Help Your Teenager Find His Passion
One of the best forms of therapy, some would say the “best medicine” for any teenager who feels lost and alone, is for a youngster to find her own individual passion. What is a passion? Music, dance, reading or writing, spoken word poetry, gardening, animal care (pets can be the best therapy for many kids with anxiety disorders), knitting, crafts, stamp or coin collecting … the list goes on and on. And that's just the point. A passion is whatever moves your teenager to get out of her own way and into her best self. There is absolutely no reason why a teenager with OCD cannot find her own passion. There is actually even more reason for her to do so.

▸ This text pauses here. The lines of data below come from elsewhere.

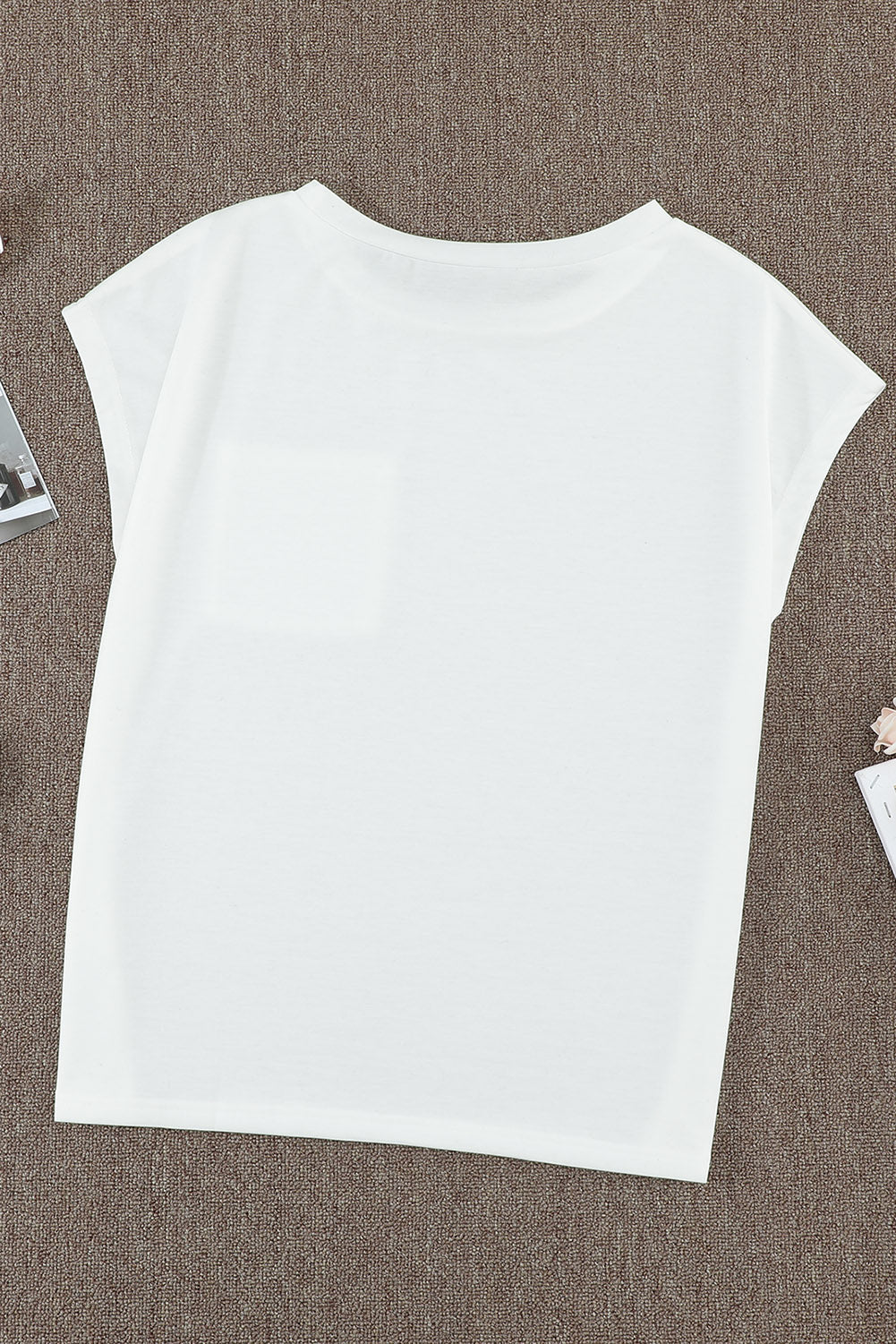 Camiseta blanca con bolsillos con hendiduras laterales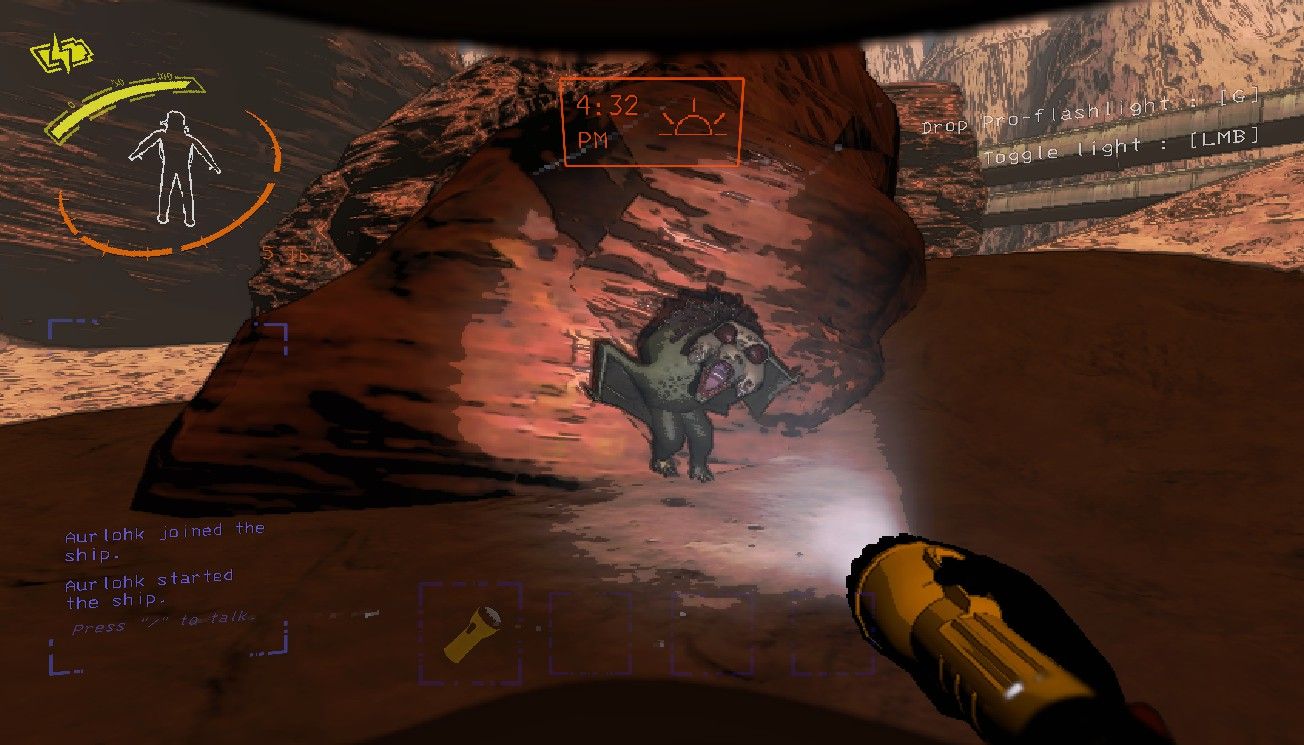 Personaggio giocatore che illumina con una pro-torcia un Baboon Hawk che cerca di intimidire il giocatore spiegando le ali in Lethal Company.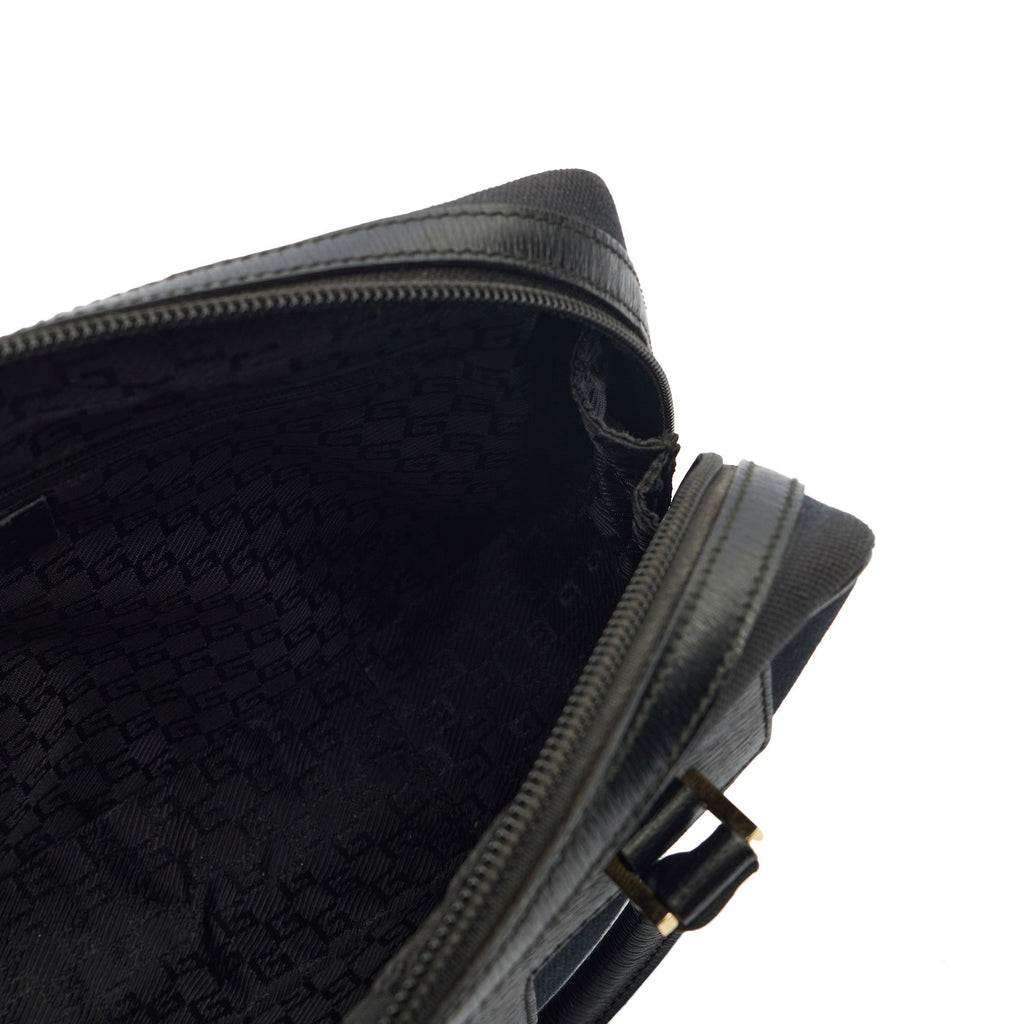 Gucci Shoulder Bag Shoulder Bag in Black, Fabric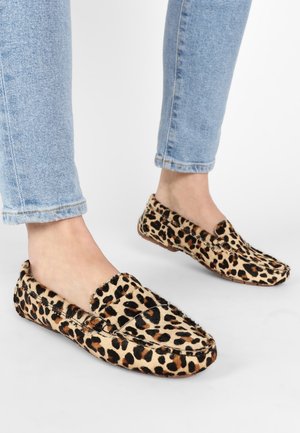 Luipaardprint loafers van pluche materiaal, met een platte zool, ronde neus en gedetailleerde stiksels langs de randen.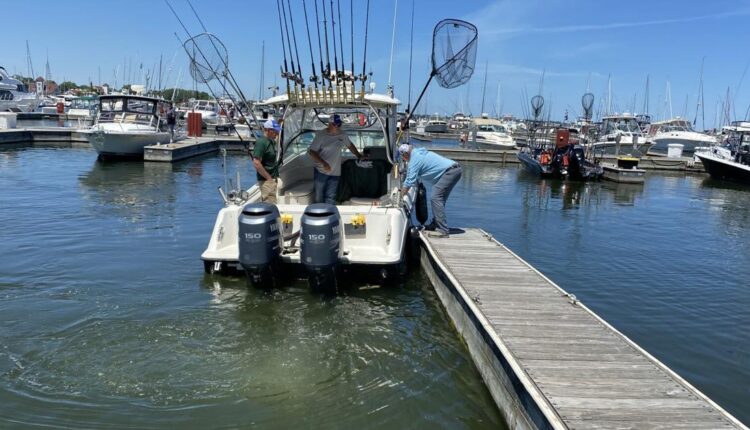  Watch Now: Kenosha's Reuter repeats in Two-On-A-Boat contest |  Sports
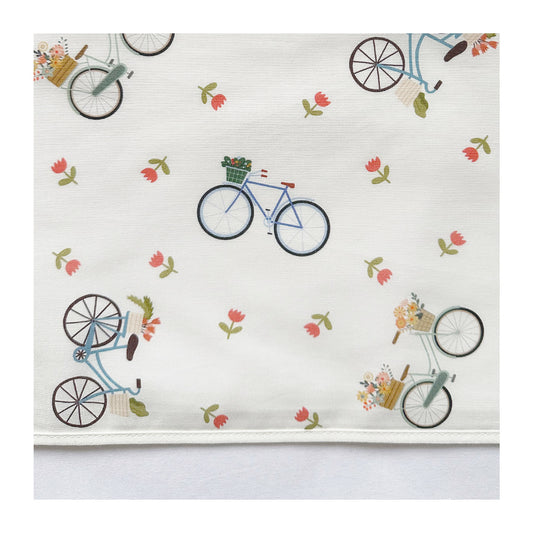 Laken Fien heeft een vrolijke print met fietsen en bloemen in mooie tinten zoals peach, roze, groen, blauw en geel op een ecru ondergrond. De fietsen hebben mandjes voor- en achterop de fiets gevuld met bloemen. Een lekker Hollands dessin met een heerlijke lente sfeer.
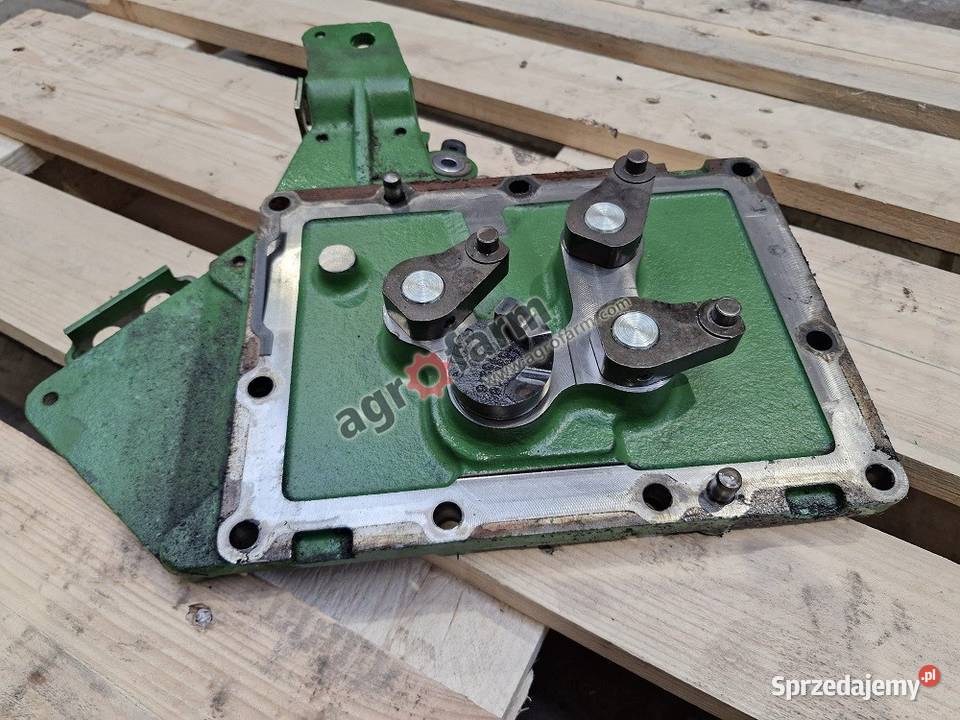 Pokrywa skrzyni biegów John Deere 6155M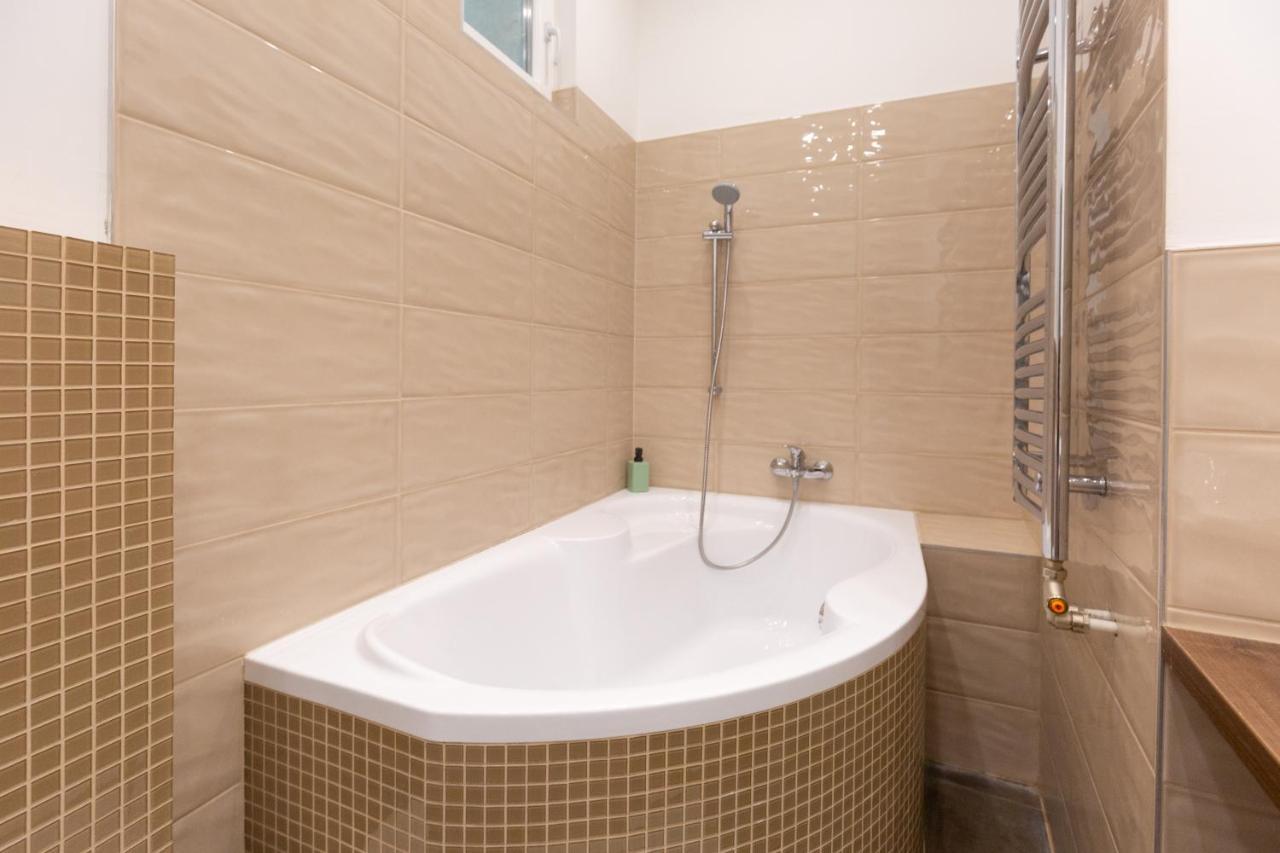 Lovely 2-Bedroom Apartment At The Vaci Street Budapest Bagian luar foto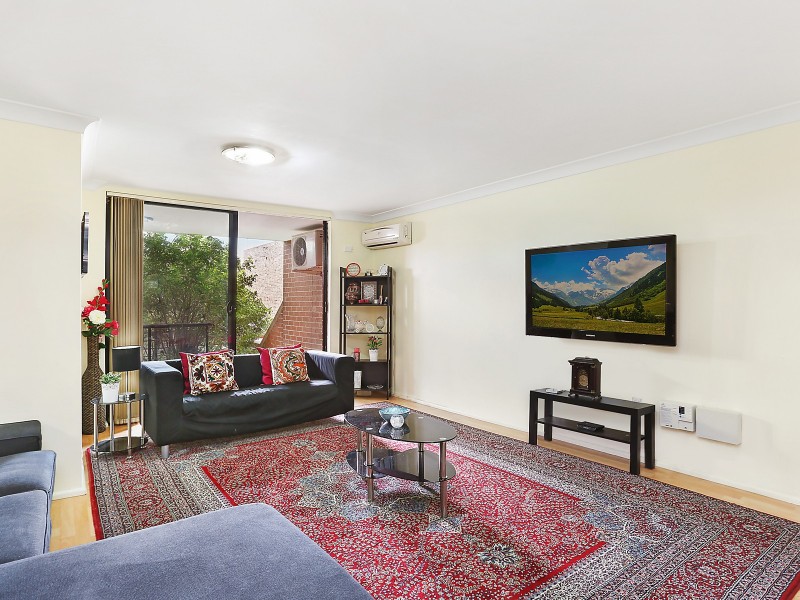 21/2 Kitchener Avenue, Regents Park NSW 2143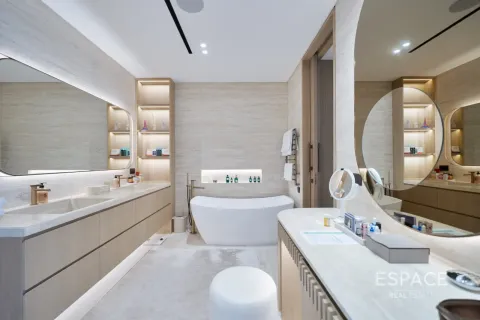 Villa à Palm Jumeirah, Dubai, 4 chambres, 557 m², № 122374 - photo 11
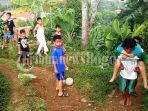 kampung-tajur-desa-lemahduhur-kecamatan-caringin_20171009_223113.jpg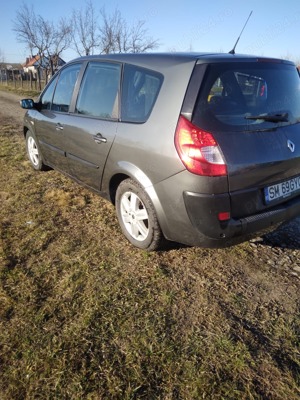Renault Scenic - imagine 10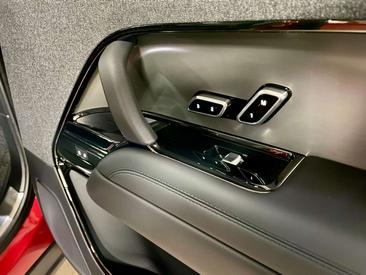 Land Rover Range Rover Sport D300 — photo 23
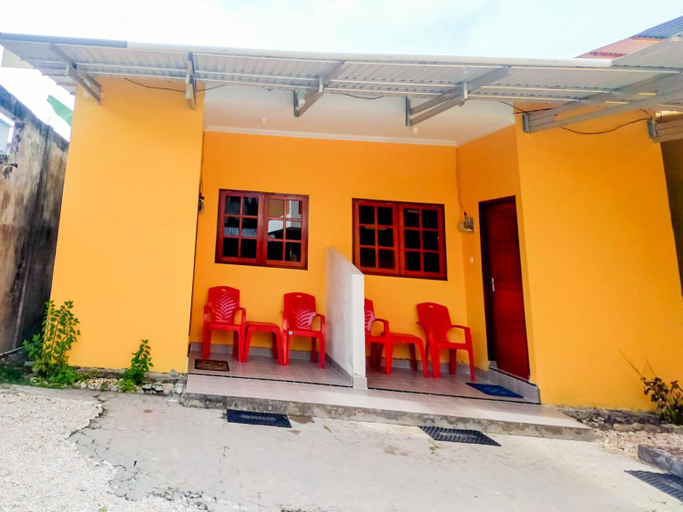 Exterior & Views 2, RedDoorz @ Makarios Hotel Poso, Poso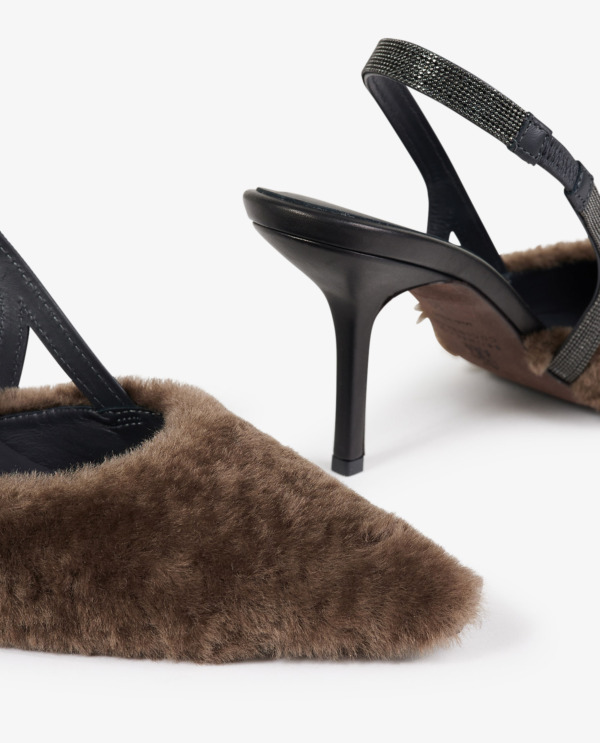 Shearling pumps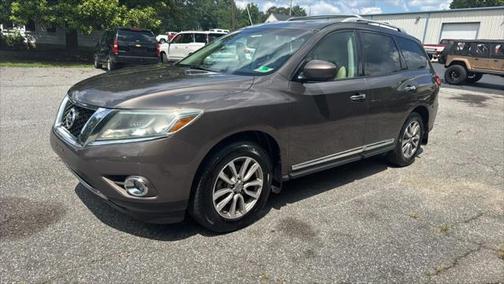 2016 Nissan Pathfinder SL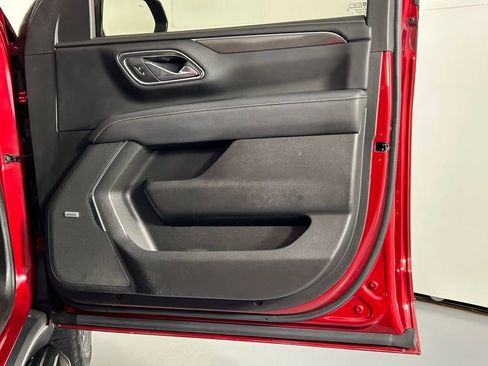 Used 2023 GMC Yukon XL AT4 w/ Technology Package image 9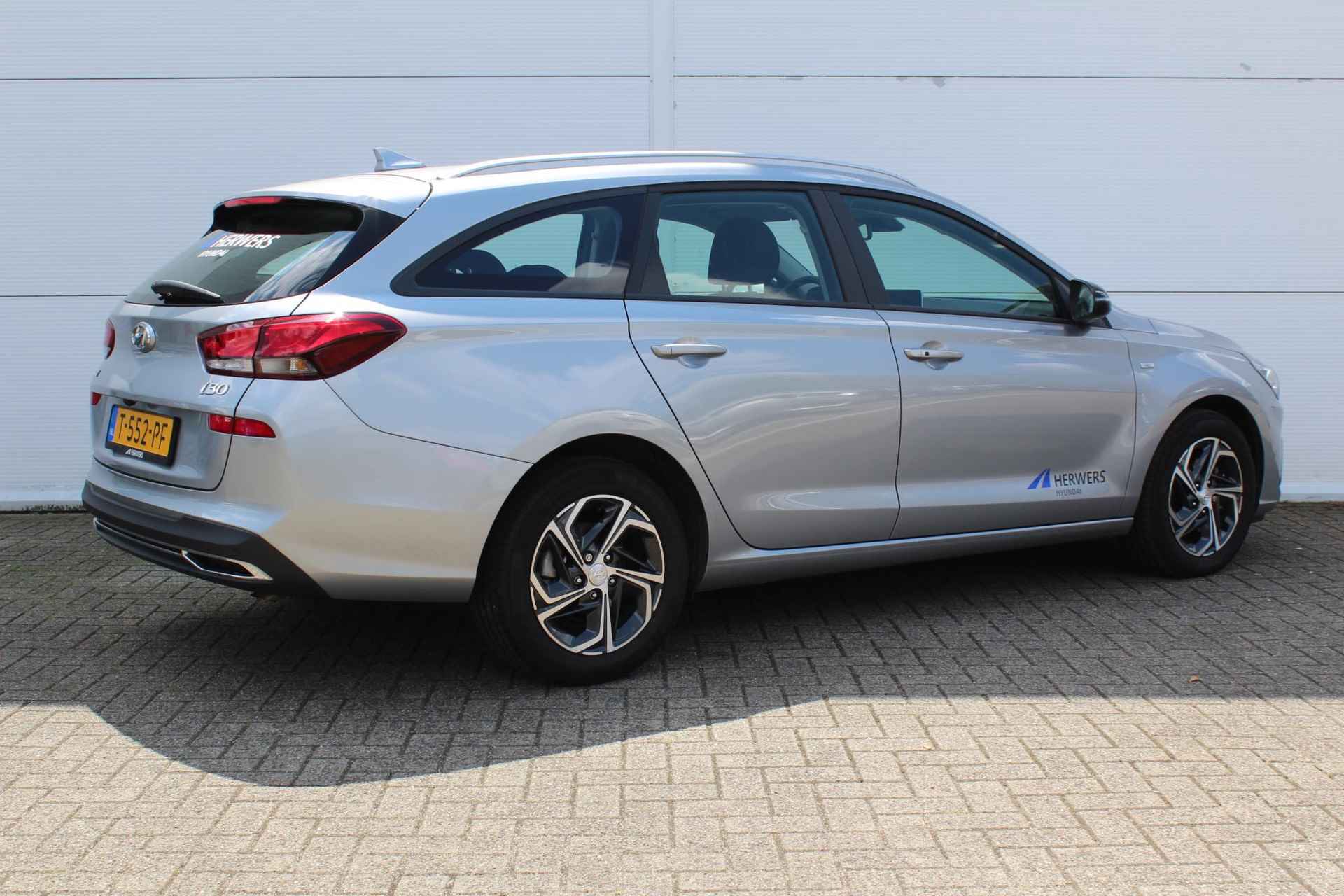 Hyundai i30 Wagon 1.0 T-GDi MHEV Comfort Smart AUTOMAAT / Navigatie + Apple Carplay/Android Auto / Climate Control / Cruise Control / Keyless Entry & Start / Achteruitrijcamera / - 3/42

As a parent, your job is to support whatever she finds that can offer individual fulfillment. And if her OCD makes it harder to find that one thing, you might be able to help guide her to different choices based on your own special knowledge of what makes her happy despite the rigors of her disorder. Here is one mother's example:
My sixteen-year-old son Jamie just danced in his school's opening night performance of West Side Story. I cried when I saw him up there, looking so happy in his body, so free for those few moments of his OCD. Later he told me he loves dancing, but that I shouldn't tell anyone, in case he can't do it anymore. That made me sad but all I could do was to encourage him to think positive. That if he made it through opening night, the rest would be easier.
As is often the case with parenting, the greatest opportunities to be a good parent arrive spontaneously — in the car on the way to school, in the middle of the night when your child can't sleep — and depend on your own intuition. All that this book, or any other source of information on OCD, can do is help inform your own best instincts as a parent.